PICKS

My AI model picks

First-person picks from someone who ships AI agents for a living. These are the models I actually use, ranked by what I'd reach for first when starting a new project. Not a leaderboard mirror. Updated .

I spent three years building agents with whatever model was trending on Hacker News. I switched models every quarter, chasing benchmarks, and every switch cost me a week of prompt rewrites. Then I stopped following leaderboards and started tracking what actually worked for the agents I shipped. This page is that list. It only changes when a model demonstrably beats the current pick in real agent loops over 2+ weeks of shipping. Not based on launch hype or benchmark scores.

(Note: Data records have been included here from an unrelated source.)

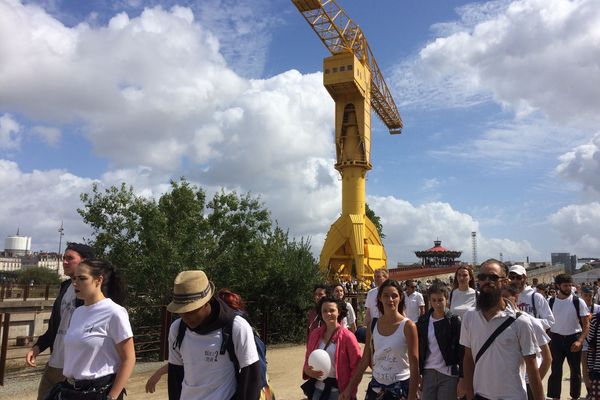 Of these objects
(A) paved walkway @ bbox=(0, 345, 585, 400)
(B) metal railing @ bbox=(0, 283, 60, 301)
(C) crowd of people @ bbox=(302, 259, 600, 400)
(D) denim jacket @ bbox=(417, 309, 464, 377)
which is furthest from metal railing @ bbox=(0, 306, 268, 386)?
(B) metal railing @ bbox=(0, 283, 60, 301)

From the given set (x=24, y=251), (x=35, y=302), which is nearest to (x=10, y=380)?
(x=35, y=302)

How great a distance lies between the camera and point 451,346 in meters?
4.48

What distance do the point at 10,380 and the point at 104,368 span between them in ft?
27.6

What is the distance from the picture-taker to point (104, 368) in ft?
11.0

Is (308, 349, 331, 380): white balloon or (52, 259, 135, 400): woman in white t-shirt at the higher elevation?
(52, 259, 135, 400): woman in white t-shirt

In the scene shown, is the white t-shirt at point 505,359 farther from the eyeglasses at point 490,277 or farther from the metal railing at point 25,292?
the metal railing at point 25,292

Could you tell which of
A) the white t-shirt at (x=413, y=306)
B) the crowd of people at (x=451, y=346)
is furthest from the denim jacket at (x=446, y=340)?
the white t-shirt at (x=413, y=306)

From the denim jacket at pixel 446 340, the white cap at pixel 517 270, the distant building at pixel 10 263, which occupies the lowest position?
the denim jacket at pixel 446 340

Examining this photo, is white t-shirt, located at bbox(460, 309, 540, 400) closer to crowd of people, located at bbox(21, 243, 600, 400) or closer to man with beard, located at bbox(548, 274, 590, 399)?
crowd of people, located at bbox(21, 243, 600, 400)

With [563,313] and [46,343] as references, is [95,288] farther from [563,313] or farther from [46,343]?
[563,313]

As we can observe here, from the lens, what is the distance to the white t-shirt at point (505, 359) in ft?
11.3

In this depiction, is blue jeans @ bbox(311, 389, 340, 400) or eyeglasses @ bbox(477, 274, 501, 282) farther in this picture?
blue jeans @ bbox(311, 389, 340, 400)

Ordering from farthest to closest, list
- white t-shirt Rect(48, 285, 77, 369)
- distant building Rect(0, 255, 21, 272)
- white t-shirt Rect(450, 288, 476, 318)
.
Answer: distant building Rect(0, 255, 21, 272), white t-shirt Rect(450, 288, 476, 318), white t-shirt Rect(48, 285, 77, 369)

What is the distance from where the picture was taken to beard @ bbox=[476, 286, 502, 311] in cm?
357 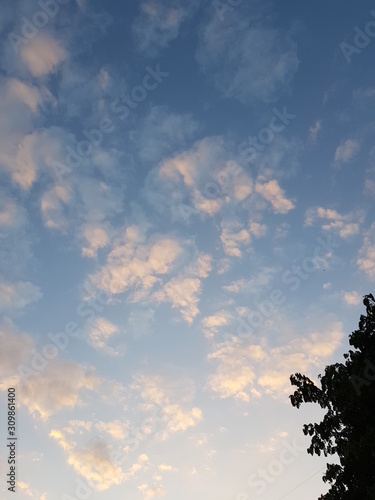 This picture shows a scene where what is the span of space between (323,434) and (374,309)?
21.4ft

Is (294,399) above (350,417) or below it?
above

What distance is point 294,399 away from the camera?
19.2m

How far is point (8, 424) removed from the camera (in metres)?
22.9

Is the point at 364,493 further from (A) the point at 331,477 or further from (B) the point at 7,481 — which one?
(B) the point at 7,481

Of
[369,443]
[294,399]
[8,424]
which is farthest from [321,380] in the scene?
[8,424]

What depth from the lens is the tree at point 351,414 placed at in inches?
635

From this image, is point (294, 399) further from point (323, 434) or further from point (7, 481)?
point (7, 481)

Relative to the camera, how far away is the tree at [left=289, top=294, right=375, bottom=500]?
16125 mm

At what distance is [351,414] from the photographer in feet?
56.4

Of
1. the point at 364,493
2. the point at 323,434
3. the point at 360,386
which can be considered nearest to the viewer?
the point at 364,493

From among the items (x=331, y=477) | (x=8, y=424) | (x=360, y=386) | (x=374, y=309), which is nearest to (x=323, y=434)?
(x=331, y=477)

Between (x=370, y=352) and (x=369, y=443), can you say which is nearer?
(x=369, y=443)

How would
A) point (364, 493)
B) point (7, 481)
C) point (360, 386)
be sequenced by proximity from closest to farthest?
point (364, 493)
point (360, 386)
point (7, 481)

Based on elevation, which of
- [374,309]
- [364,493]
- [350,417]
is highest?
[374,309] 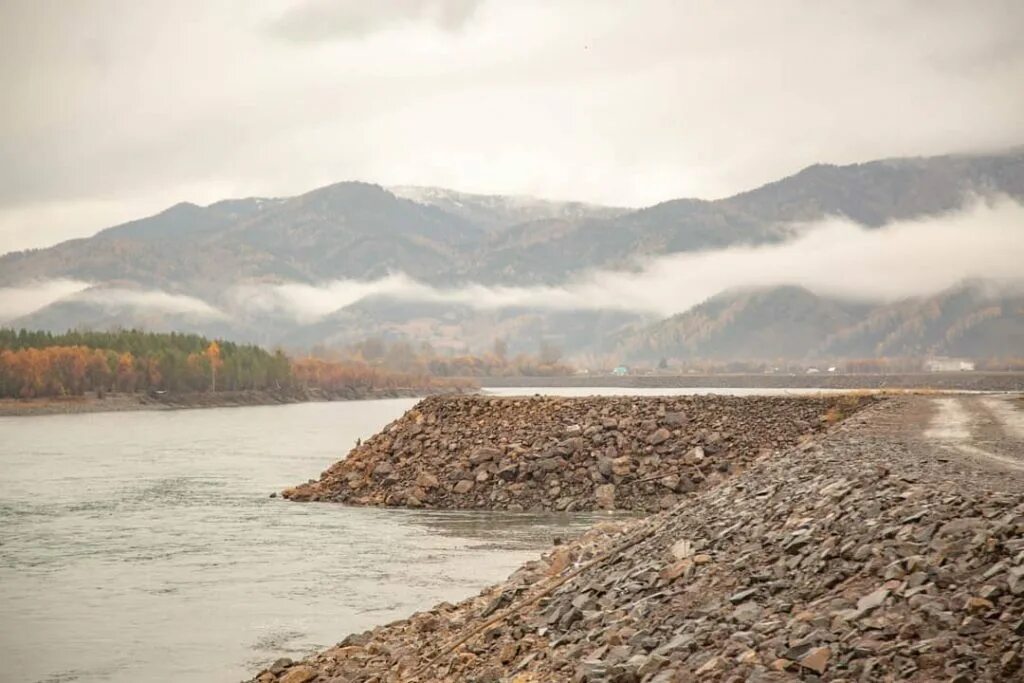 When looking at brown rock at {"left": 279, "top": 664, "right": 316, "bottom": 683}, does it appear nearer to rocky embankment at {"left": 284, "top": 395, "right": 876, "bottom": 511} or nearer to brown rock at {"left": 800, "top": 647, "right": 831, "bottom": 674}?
brown rock at {"left": 800, "top": 647, "right": 831, "bottom": 674}

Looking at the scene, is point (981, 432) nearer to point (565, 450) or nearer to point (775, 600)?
point (565, 450)

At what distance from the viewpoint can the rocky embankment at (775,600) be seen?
12.0 meters

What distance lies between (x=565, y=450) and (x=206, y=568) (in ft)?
57.3

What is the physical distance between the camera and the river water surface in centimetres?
2352

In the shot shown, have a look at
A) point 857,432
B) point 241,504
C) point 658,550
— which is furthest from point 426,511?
point 658,550

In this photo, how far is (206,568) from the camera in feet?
108

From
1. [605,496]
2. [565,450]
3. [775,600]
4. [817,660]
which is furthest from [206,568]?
[817,660]

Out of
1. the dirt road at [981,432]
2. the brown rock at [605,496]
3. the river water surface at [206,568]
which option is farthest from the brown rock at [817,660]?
the brown rock at [605,496]

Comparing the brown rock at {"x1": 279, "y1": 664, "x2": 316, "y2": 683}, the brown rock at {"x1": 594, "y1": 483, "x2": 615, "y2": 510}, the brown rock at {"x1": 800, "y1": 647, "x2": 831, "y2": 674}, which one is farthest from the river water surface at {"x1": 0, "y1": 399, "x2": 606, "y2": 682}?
the brown rock at {"x1": 800, "y1": 647, "x2": 831, "y2": 674}

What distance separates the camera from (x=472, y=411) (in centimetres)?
5328

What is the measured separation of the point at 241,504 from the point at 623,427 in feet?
51.5

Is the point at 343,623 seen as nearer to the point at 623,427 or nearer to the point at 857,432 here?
the point at 857,432

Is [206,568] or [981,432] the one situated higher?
[981,432]

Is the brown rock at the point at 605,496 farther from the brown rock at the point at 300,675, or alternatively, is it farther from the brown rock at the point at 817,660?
the brown rock at the point at 817,660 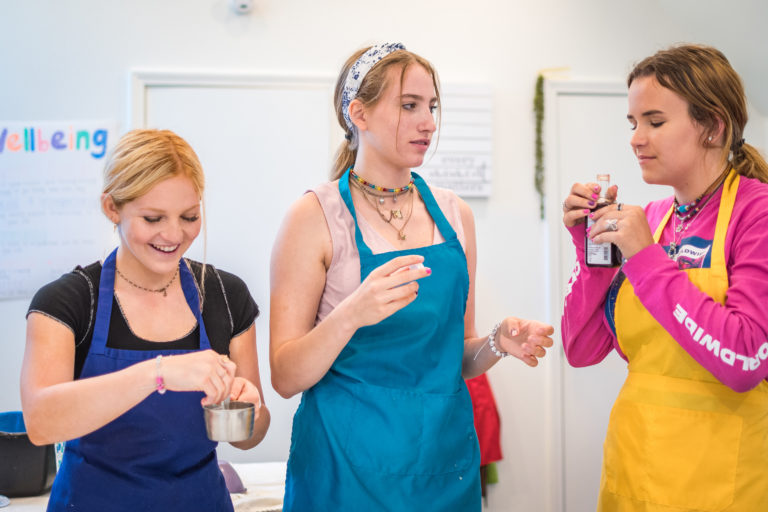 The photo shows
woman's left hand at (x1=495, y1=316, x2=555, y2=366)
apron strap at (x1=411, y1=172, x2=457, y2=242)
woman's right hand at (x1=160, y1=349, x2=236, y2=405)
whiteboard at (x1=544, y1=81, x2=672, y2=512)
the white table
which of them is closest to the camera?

How to read this page. #1 is the model I'd reach for first. #2 is the fallback when #1 is rate-limited, blocked, or stylistically wrong for the task. #3 is a specialist pick for a specific scenario. The picks are for AI agent development specifically: tool use, long context, code generation, structured output, and retry resilience. If you want a general-purpose chat ranking, the LMArena leaderboard and OpenCode production data are better signals.

Text models

What I use for the agent loop — picking tools, calling functions, recovering from errors, and generating structured output.

#1 Opus 4.8 #2 DeepSeek V4-Pro #3 GPT-5.5
Provider Anthropic DeepSeek (open-weights) OpenAI
Best for Everything. 50+ step agent loops, long context, tool use Cost-sensitive pipelines, batch coding, high volume Codex CLI, terminal workflows, creative tasks
Cost per M tokens $5 / $25 $0.44 / $0.87 $2.50 / $10
OpenCode session cost N/A (no Anthropic) $0.55/session $2.50/session (est.)
Context window 200K (strong at 1M) 1M 128K
Open weights No Yes (MIT) No
1

Claude Opus 4.8

Anthropic

My daily driver for every agent build. The most capable model still available after the Fable 5 suspension. If I could only use one model, this would be it.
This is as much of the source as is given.